Baca: Cantiknya Istri Wakil Bupati Trenggalek, Ini Rahasianya
Barongsai dimainkan di beberapa tempat. Barongsai yang dimainkan di lantai atau papan disebut Barongsai Tradisional, Barongsai yang dimainkan di atas tonggak disebut Barongsai Tonggak. Tonggak yang berstandar internasional memiliki tinggi kurang lebih 80cm sampai 2 meter. Untuk Barongsai lantai, biasanya area dalam pertandingan dibatasi 8x8 meter - 10x10 meter. Dalam pertunjukan barongsai, makanan Barongsai yang berupa sayur disebut Cheng.
Untuk menarikan Barongsai, agar terlihat indah dan menarik, pemain Barongsai harus menguasai kerjasama antar pemain, kerjasama pemain musik, dan kerjasama pemain musik dan pemain barongsai. Pergerakan barongsai dengan musik harus serasi. Pemain barongsai juga harus membuat barongsai seolah benar-benar "hidup" dengan cara membuat ekspresi dan mimik wajah barongsai seolah-olah nyata.
Barongsai di Indonesia
Kesenian barongsai diperkirakan masuk di Indonesia pada abad-17, ketika terjadi migrasi besar dari Tiongkok Selatan[3].
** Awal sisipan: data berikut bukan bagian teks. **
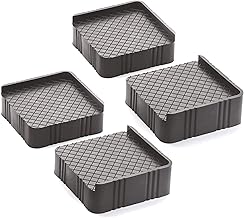 Plastic Square Footrest Pieces Multi Purpose use as Stand for Almirah, Furniture, Wardrobe, Refrigerator, Foot Legs Rest Bear, 450 Kg Load Bearing Capacity (Black Color)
Barongsai di Indonesia mengalami masa maraknya ketika zaman masih adanya perkumpulan Tiong Hoa Hwe Koan. Setiap perkumpulan Tiong Hoa Hwe Koan di berbagai daerah di Indonesia hampir dipastikan memiliki sebuah perkumpulan barongsai.
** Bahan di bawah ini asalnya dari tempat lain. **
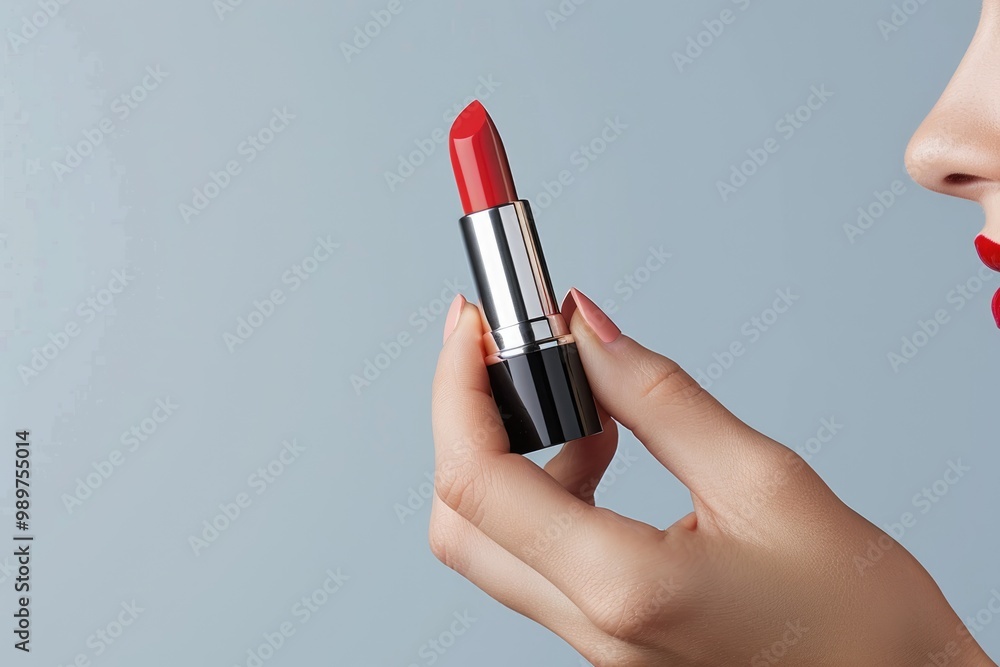 Cropped view of a woman presenter delicately holding lipstick, blending elegance and feminine charm against a simple solid color backdrop, focusing on her hand and the product Cropped view of a woman presenter delicately holding lipstick, blending elegance and feminine charm against a simple solid color backdrop, focusing on her hand and the product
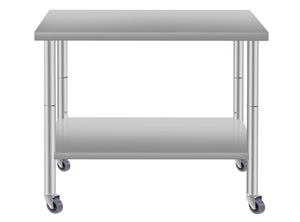 English Elm 36''*24'' Stainless Steel Kitchen Prep Table with Under Shelf Casters Commercial Grade W3167P303178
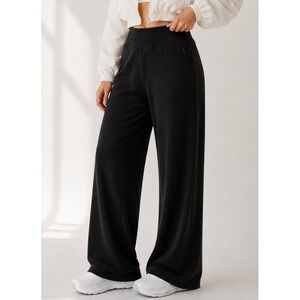 Yogalicious Lux Laila Flare Pants Black High Waist Ribbed Activewear Womens L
Perkembangan barongsai kemudian berhenti pada tahun 1965 setelah meletusnya Gerakan 30 S/PKI. Karena situasi politik pada waktu itu, segala macam bentuk kebudayaan Tionghoa di Indonesia dibungkam. Barongsai dimusnahkan dan tidak boleh dimainkan lagi.
Perubahan situasi politik yang terjadi di Indonesia setelah tahun 1998 membangkitkan kembali kesenian barongsai dan kebudayaan Tionghoa lainnya. Banyak perkumpulan barongsai kembali bermunculan. Berbeda dengan zaman dahulu, sekarang tak hanya kaum muda Tionghoa yang memainkan barongsai, tetapi banyak pula kaum muda pribumi Indonesia yang ikut serta[2].
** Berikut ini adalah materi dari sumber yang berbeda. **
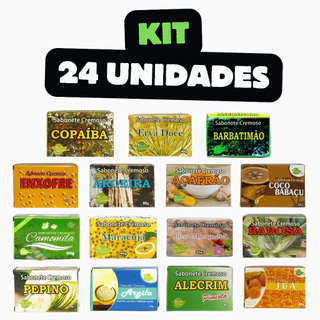 Kit com 24 - Sabonete Natural Cremoso - Açafrão - Aroeira - Pepino - Juá - Babosa - Copaíba - Argila - Camomila - Maracujá - Alecrim - Rosa Mosqueta - Coco Babaçu - Erva Doce - Enxofre - Barbatimão - 90g - Aroeira Cosmética
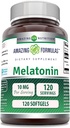 Şaşırtıcı Beslenme Melatonin 10 mg Softgels Supplement | Non-GMO | Gluten Free | Made in USA (120 Count)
Pada zaman pemerintahan Soeharto, barongsai sempat tidak diizinkan untuk dimainkan. Satu-satunya tempat di Indonesia yang bisa menampilkan barongsai secara besar-besaran adalah di kota Semarang, tepatnya di panggung besar kelenteng Sam Poo Kong atau dikenal juga dengan Kelenteng Gedong Batu. Setiap tahun, pada tanggal 29-30 bulan enam menurut penanggalan Tiong Hoa (Imlek), barongsai dari keenam perguruan di Semarang, dipentaskan.
Atlet Barongsai FOBI
Sekarang barongsai di Indonesia sudah diperlombakan. Federasi Olahraga Barongsai Indonesia atau FOBI yang menaungi kesenian Barongsai telah diakui oleh Komite Olahraga Nasional Indonesia KONI. Jadi, sekarang pemain Barongsai bisa disebut sebagai Atlet Barongsai. Barongsai Indonesia telah meraih juara pada kejuaraan di dunia.